Most would agree that true love requires work, a stretching beyond our resources. But is it the end to which all meaningful things are headed? The quote by Rilke suggests so, and I would agree. Unless my work is for the ultimate end of love, there’s no point setting out to labour in the first place. 

There are many different ways to look at love, so I want to outline what I mean by it here. The love that underpins all my work aims to be persevering, self sacrificial, other-centred. It's durable, yet flexible - not stoic, but bendable.

“Love is lak de sea. It’s uh movin’ thing, but still and all, it takes its shape from de shore it meets, and it’s different with every shore.”

- Janie Crawford, Their Eyes Were Watching God

Janie (via Zora Neale Hurston) teaches me the bendability of love, the fact that it’s malleable in the presence of whoever it seeks to connect with.
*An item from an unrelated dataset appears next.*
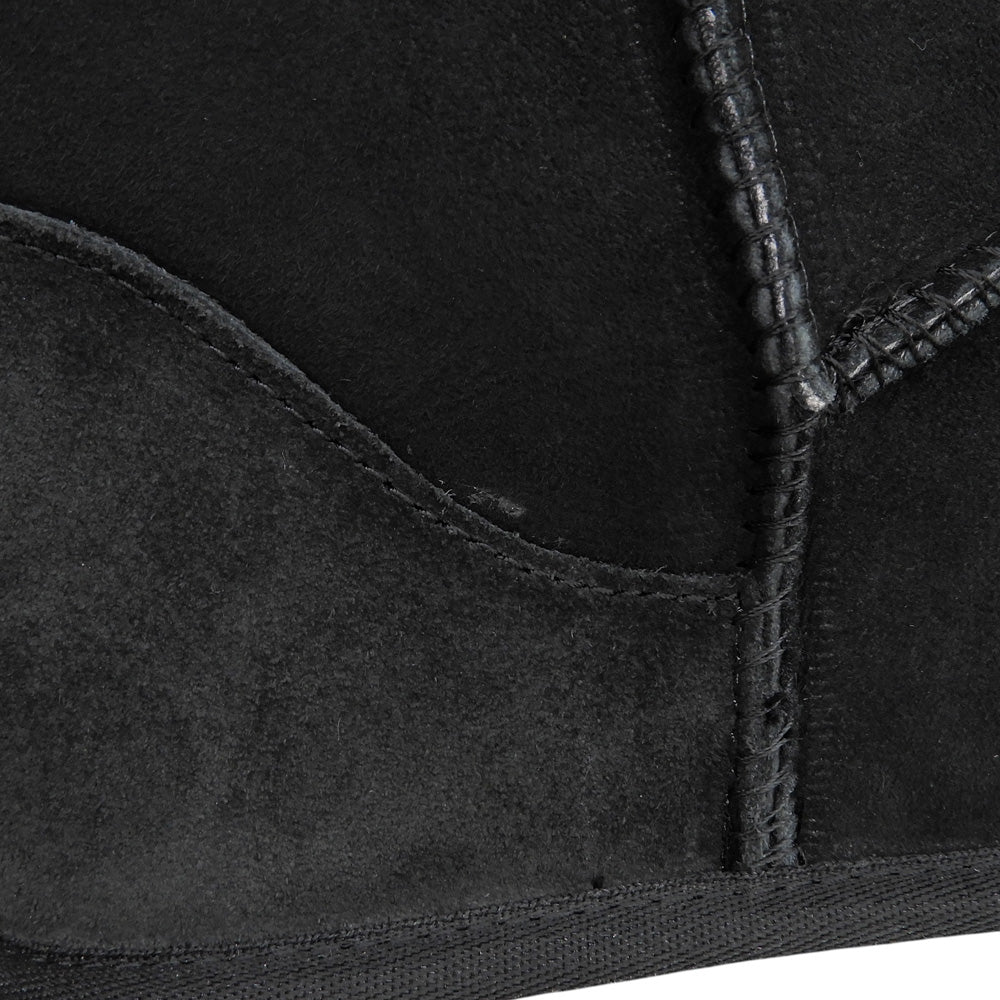UGG アグ 新品同様 クラシックショートブーツ シューズ メンズ ブラック 9 5800 シューズ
Love holds in tension an objective and subjective quality to it. On the one hand, it’s as deeply fixed and rooted as a mature oak tree, on the other hand, it’s as tender and perceptibly wholesome as a baby’s yawn. 

This isn’t to say that every time people who engage with my work will feel loved. The feeling is likely to come much more tangentially. For example, I hope that people will feel seen in my work. The ‘eyes’ in eyesandoath refers directly to that. I observe the world around me and peer into my own soul in order to connect with others. My hope is that people listen to my work and ‘yes, that’s my experience of the world too’. This leads to love because it forms connection and combats isolation. The objective necessity of common human experience and the subjective necessity of fleshing out that experience is satisfied. 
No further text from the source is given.